THREE FINGERED JACK [1]. AKA and see "News Boys," "Peach Blossom Hornpipe." American, Hornpipe and Reel (2/4 time). F Major. Standard tuning (fiddle). AABB. The hornpipe was printed twice a few years after its appearance in Elias Howe's Musician's Omnibus Nos. 6 & 7 (1880-1882), in Ryan's Mammoth Collection (1883), albeit under the titles "Peach Blossom Hornpipe," and "News Boys," each with minor differences. William Bradbury Ryan was an employee of the Howe publishing firm, and the change of title is somewhat curious because of this; however, there are a number of tunes in Howe's Omnibus that appear in Ryan's Mammoth with title changes.

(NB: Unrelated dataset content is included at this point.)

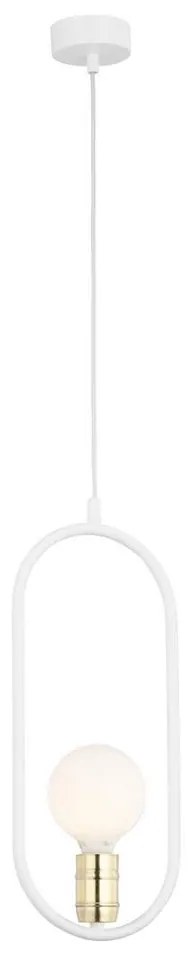 Jupiter 1821 - PI1 E27 - Luster na lanku PONTI 1xE14/40W/230V biela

"Mr. Wood as Three Fingered Jack," 19th century etching. Victoria and Albert Museum, London
There have been a number of 'Three Fingered Jacks', a name whose panache makes it attractive as a sobriquet for outlaws. The most famous of them, and perhaps the one referenced by the title, was Three Fingered Jack AKA Jack Mansong, an enslaved man, who is obscure today but familiar in the 19th century, particularly in England. He became a focus of some of the fictions of slavery, intertwined with genres such as history-writing and political polemic in the movement to coalesce British public opinion against the institution of slave trade, and then slavery itself. Jack was one of many enslaved men and women who managed to escape the plantation regime, finding refuge of sorts in Jamaica's Blue Mountain region in 1780 and 1781. He lived on the margins of slave society and led a group of around sixty maroons, reportedly gaining subsistence primarily through attacks on travelers. Finally, the band's actions were recognized as a threat, not only to safe travel in the region, but for the slavery-based regime of the island. Jamaica's Governor and House of Assembly offered a substantial rewards for his capture, and within six months Jack had been killed and the rest of his group were dispersed. A group of maroons, led by one John Reeder, received the reward for Jack's death.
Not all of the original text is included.